Apartheid is bad, except when Israel does it. Ethnic cleansing is bad, except if Israel does it (it’s always “self-defense”). I’m starting to see a pattern? Are you?
Full text of the speeches (Sept. 23 & 24, 2009):
Netanyahu Speech at UN: Full Text Transcript and Video
Transcript of Ahmadinejad's U.N. Speech
Thursday, September 24, 2009
I watched a bit of this, but the panel was rather curious. I don’t know if he called them a panel of experts, but I hope not.
Oren- Israeli ambassador. I’ll give them that, though, you already know what he’s going to say. Defending settlements and Israel’s behavior no matter how crazy or hypocritical the argument.
Zakaria- He’s an analyst. I’ll give them that, but he’s CNN, so that’s a little lame.

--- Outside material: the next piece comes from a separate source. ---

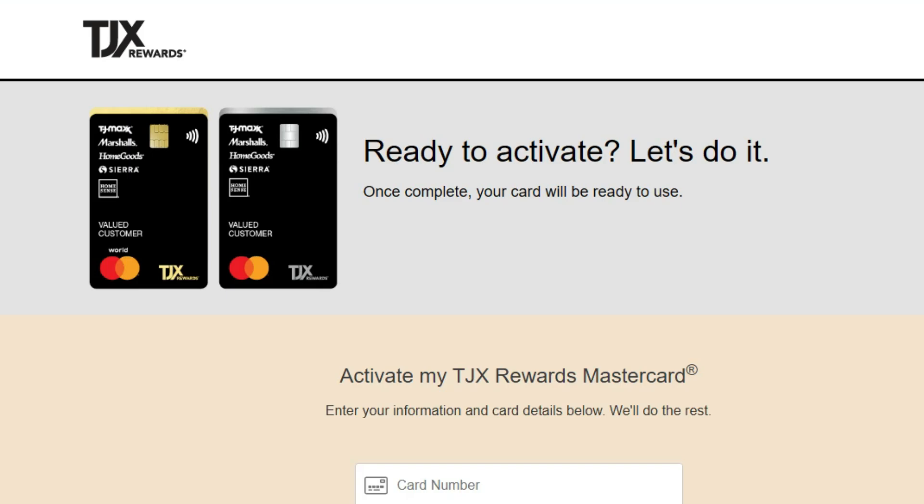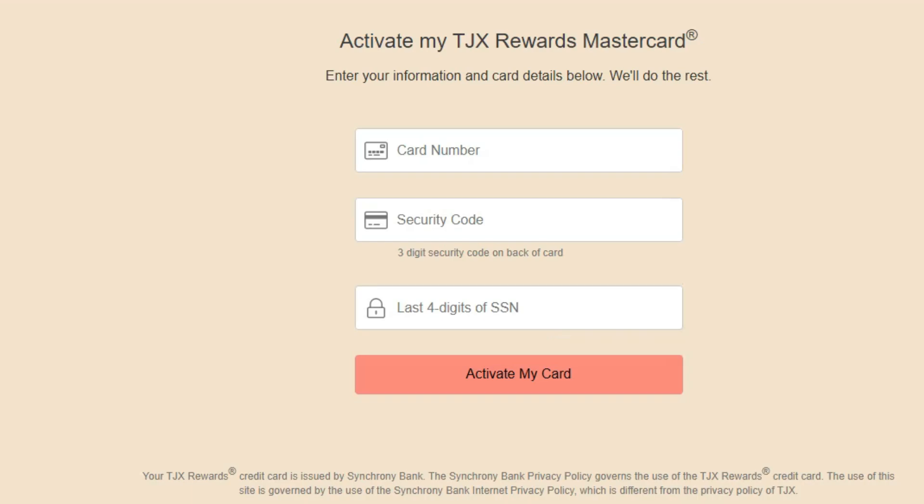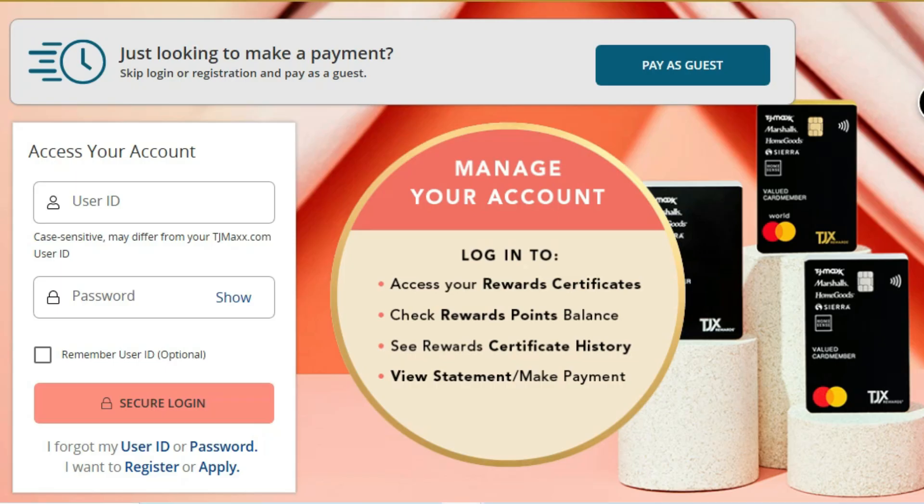As you can see on the screen, make sure you have your TJXRS card with you, as you will need some details to complete the process. You have to enter your card number and the last four digits of your social security number for verification. After entering everything, click on 'Submit Your Card.' You will then see a confirmation message saying that your card is now activated.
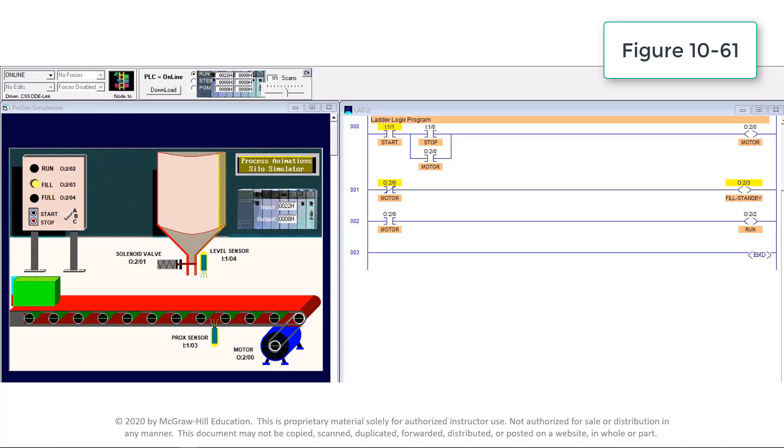When the motor output instruction is not energized, the examine-if-open motor output instruction will be true, establishing rung continuity and energizing output O:2/3 to switch on the standby pilot light. At the same time, the examine-if-closed instruction will be false, so the run pilot light connected to output O:2/2 will be de-energized.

And last, but not least (?)…
Shmuley Boteach??- Shalom in the Home? Is that what qualifies him? Or the protesting outside the UN? Maybe Supernanny had something to say- let’s get her on. Or me. I’ve written some letters to the president.
Reminds me on NPR when Halevy was making the rounds on The Story to tell his story
and on Diane Rehm as an analyst.
At least Diane Rehm had another guest that could present the other point of view!
As for Mr. Cooper, why not call on Illan Pappe or Amira Hass or Neve Gordon or Gideon Levy when you need as Israeli? I thought MSNBC was supposed to be liberal? Maybe it was shout out to the right night? What was the deal? Perhaps Boteach was supposed to keep it light? I give up.
I should cut him some slack, though. I'm not actually that familiar with his show, so maybe he does invite more of a variety than others, but that night was particularly hawk-heavy.
It seems we inordinately hear from the right-most Israeli voices in the US. If we could hear from the Israeli left, maybe more in the US would demand that Israel follow the law? Or we could have a decent discussion without those demanding Israel abide by international law or face consequences being dismissed as terrorist sympathizers.
If you want to hear from the Israeli left, you have to go dig it up yourself. The mainstream as yet seems unable to deliver. It will be well worth your while to do so. Enlightening, maybe.